Part II: The Desert (Explanation of Glass Castle to San Francisco), continued

Summary Part II: The Desert (Explanation of Glass Castle to San Francisco), continued

Summary: Part II (Explanation of Glass Castle to San Francisco), continued

Dad promises that the family’s nomadic, adventurous life is temporary and that one day they will strike it rich by using the Prospector, a gold-hunting contraption he plans to invent. On occasion, Dad spends what little money they have on liquor, drinks too much, and comes home in a violent rage. Despite his periodic bad behavior, the kids admire him and love to listen to him tell stories about his past heroics. His sworn objective is to build his family the Glass Castle, a large home made of glass, complete with solar panels and a water-purification system.

Dad grew up in Welch, an old coal mining town in West Virginia, and left when he turned seventeen to join the air force and become a pilot. He met Mom when he saw her dive off a canyon to a lake forty feet below and jumped in after her. They got married six months later. Jeannette finds this romantic, but Mom says that Dad wouldn’t take no for an answer, and she was just trying to get away from her mother. She also frequently notes that Dad pawned her wedding ring. Dad promises to buy her a new one when he finds gold.

After they got married, Dad left the air force because he wanted to make more money. Mom quickly had four children, each one year apart: Lori, Mary Charlene, Jeannette, and Brian. Mary Charlene died of crib death when she was an infant, and Mom says Jeannette was born to replace her. Mom speaks cavalierly about Mary Charlene’s death, but Dad never recovered. After her death, he started drinking frequently and lost every job he got.

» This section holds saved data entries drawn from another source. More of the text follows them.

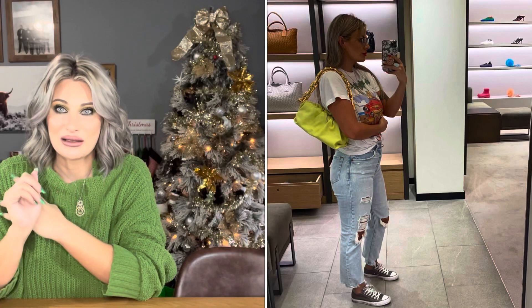If you guys saw my last Bottega Veneta unboxing, I was torn between three different style bags: the padded cassette bag, the padded cassette bag with the chain, and the pouch bag with the chain on it. My favorite based off of looks was the padded cassette bag with the chain, but when I buy my bags I try to be very practical. Which bag am I going to use the most? So I ended up getting the padded cassette bag without the chain.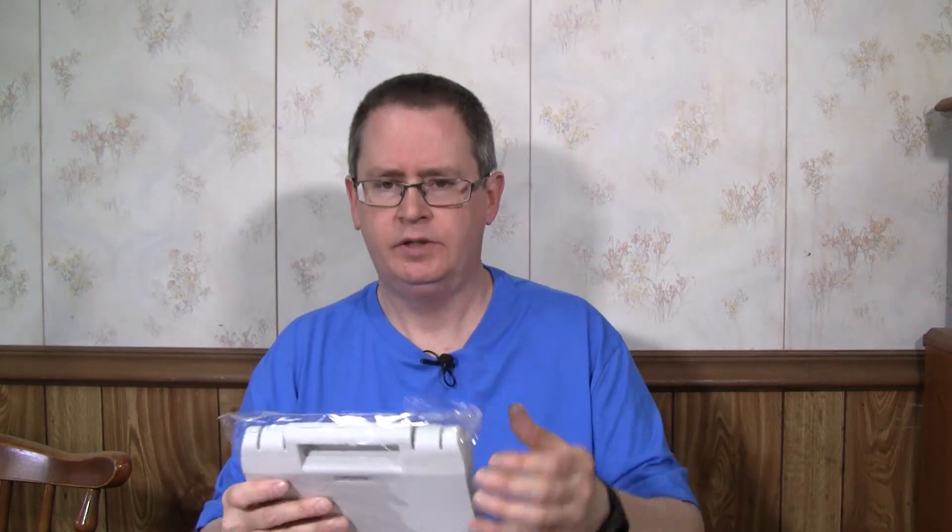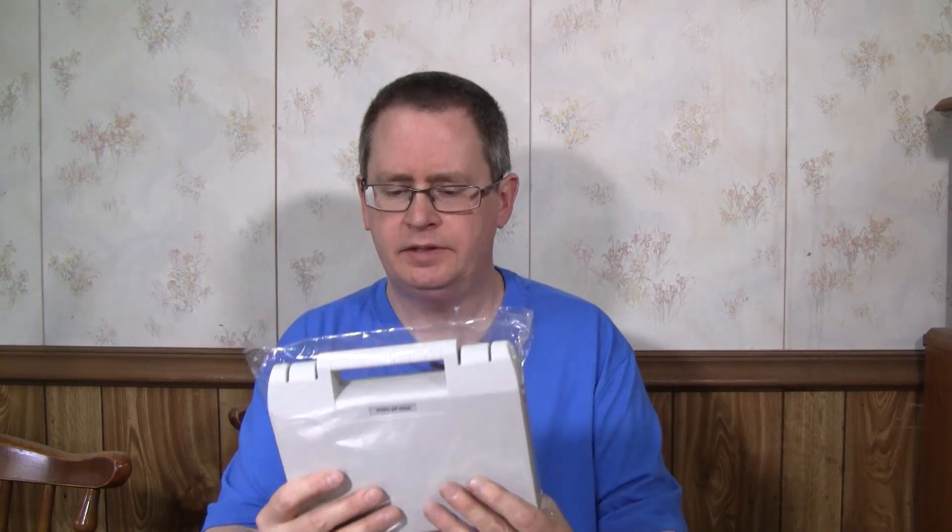It was in a bubble envelope — I already took it out and it comes in a little carrying case. So basically the reason I bought it: I got it on Amazon and it was around $48.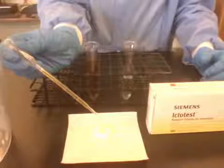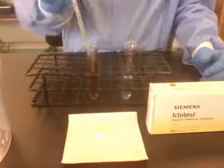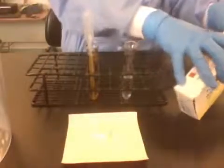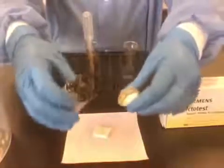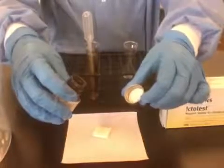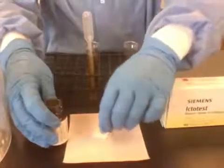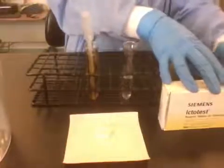One, two, three — counting out the drops. Then you're going to add the Ictotest tablet. I'm going to shake the tablet off into the lid first, not onto my gloves. You should not touch these tablets. And then I'm going to gently, carefully place the tablet onto the pad. Replace the top of the vial.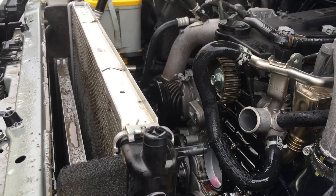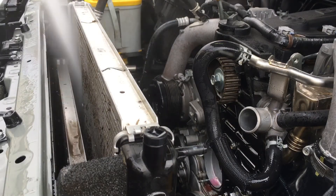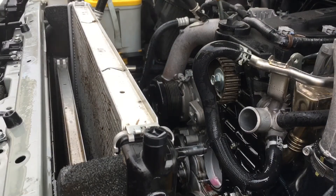Look at all that crud coming out there — it's absolute filth. You probably can't see half of what I can see. Try not to watch the phone; I don't think it is waterproof.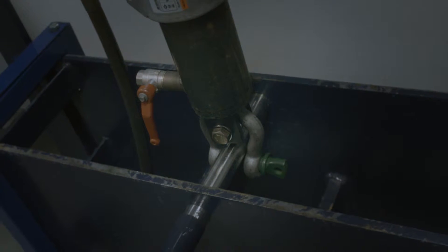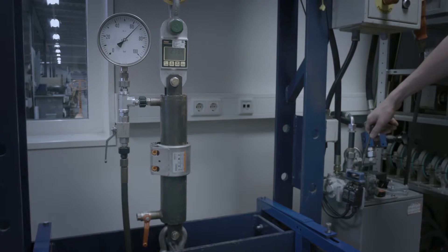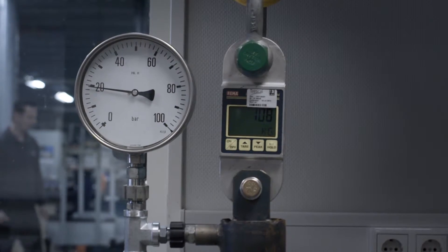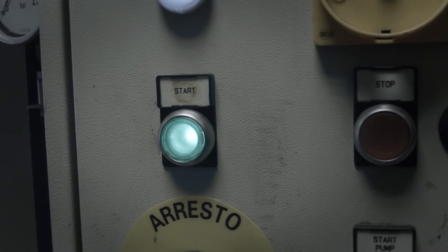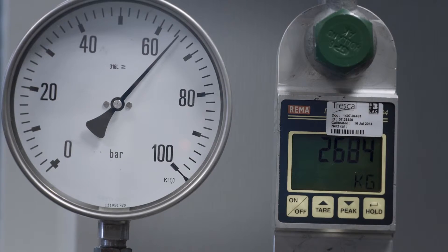Two suitable pipes are attached to either end of the test coupling. The system is then pressurized to replicate real-life scenarios by imposing axial loads that are calculated by a formula, which considers both the design pressure and the pipe's outside diameter. This axial load is then maintained for a period of 5 minutes.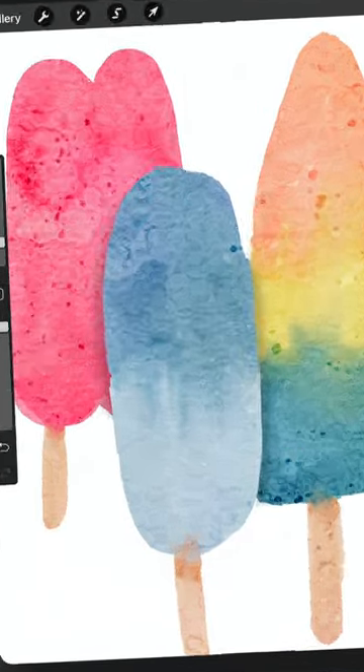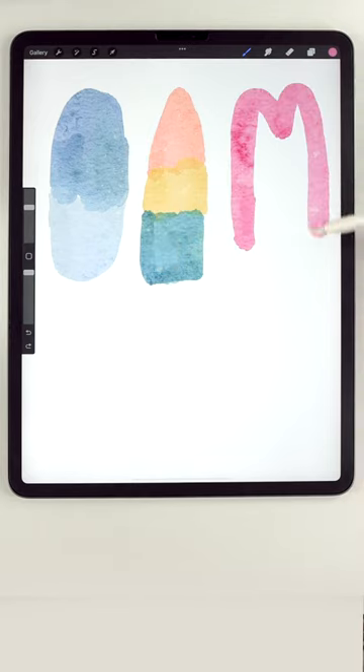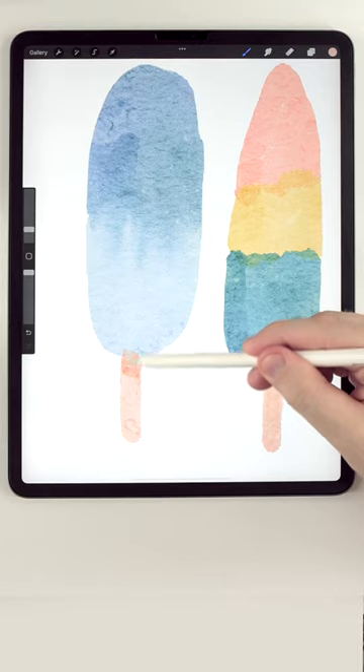Let's paint some easy watercolor popsicles. The watercolor effect is coming from the background texture and it really just automatically adds this cool watercolor look. After I've painted the popsicle sticks, I'm just going to use the water blender to carefully blend these layers together.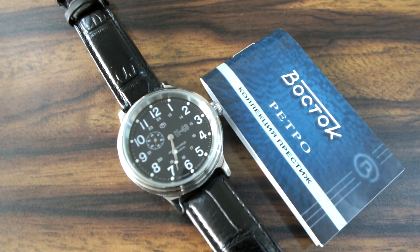The Vostok Retro K43. Thank you for watching the video. Do like, share and subscribe to my YouTube channel. More Russian watches videos are about to come. Thanks for watching. Take care. Bye.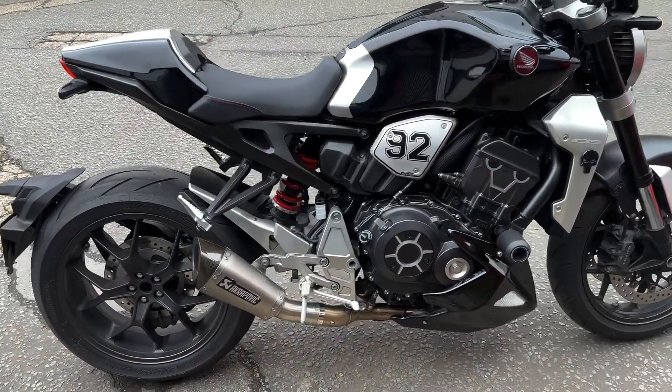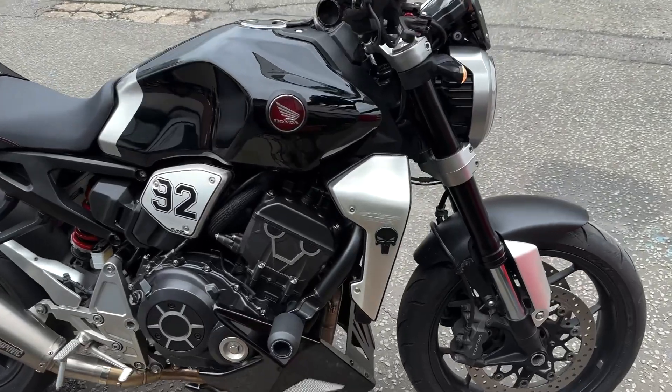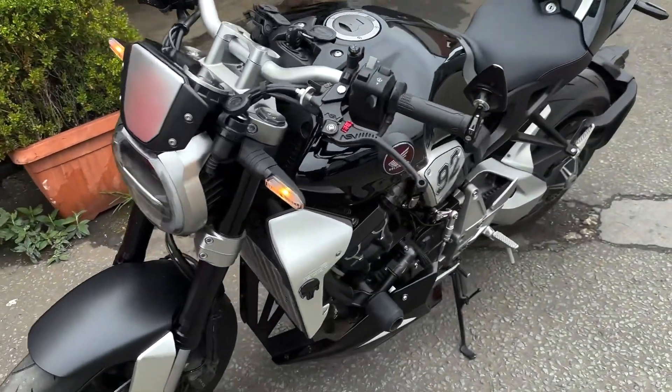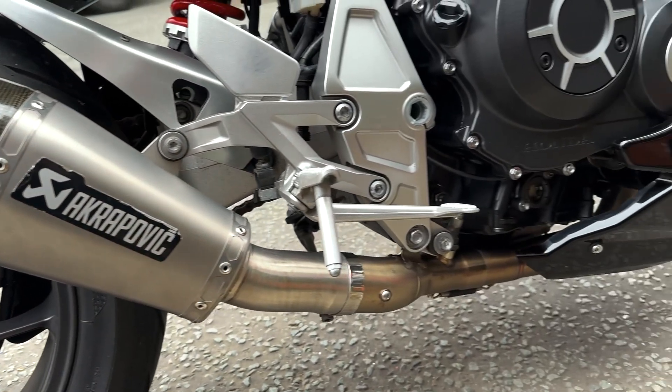B-Bad here from Two Buddies. Today we're testing out the Woolwich Racing tuning software. We've got a Honda CB1000R with a full Acropovic exhaust system. We've done a base run — it's got 121 horsepower. Now it's time to chuck it on there and see if we can get some more.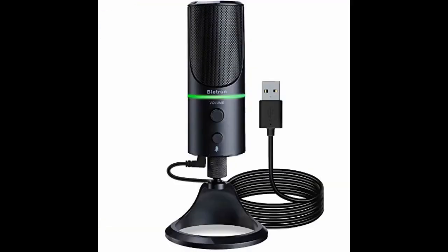We used it with a Zoom teleconference board meeting. It worked very well; however, the 6-foot-long cord was not long enough for our use. Because of the size of the board and seating arrangement, we had to purchase an additional 15-foot-long USB 3.0 extension cable.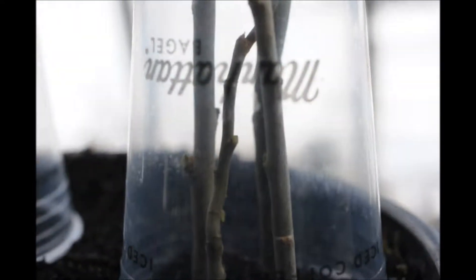Do you go to Manhattan Bagel every day and get a soda like me? My cups are reused, and here's what I use them for. I use them for miniature greenhouses where I grow cuttings.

When Jeannette is four years old, Dad decides they should move to Las Vegas so he can make some money for the Prospector in the casinos. On the way to Vegas, Mom and Dad stop at a bar in Nevada and leave the kids in the car. When they return and continue on the road, Dad drives over some railroad tracks and Jeannette goes flying out of the backseat. She sits on the roadside bleeding, sore, and afraid for an indeterminate amount of time before Dad realizes she’s gone and returns to retrieve her. He refers to her bloody nose as a “snot locker,” and the whole family laughs.

In Vegas, the family lives in a hotel for about a month. Dad makes a lot of money, and says he has a system for winning at the blackjack tables. Every day, Dad buys the kids presents and takes them out to eat. Eventually, one of the dealers figures out Dad’s scheme, and they have to do the skedaddle.

Dad says that the mafia will be after them, so they go all the way to San Francisco next. They stay in another hotel, where the kids play all day while Mom and Dad are out. In the hotel, Jeannette plays with matches and sets small fires in the toilet. One night, she wakes up and discovers the curtain over her head has caught fire. Dad saves everyone and helps put out the fire. Jeannette worries that fire may be targeting her personally, noticing that her life is especially chaotic.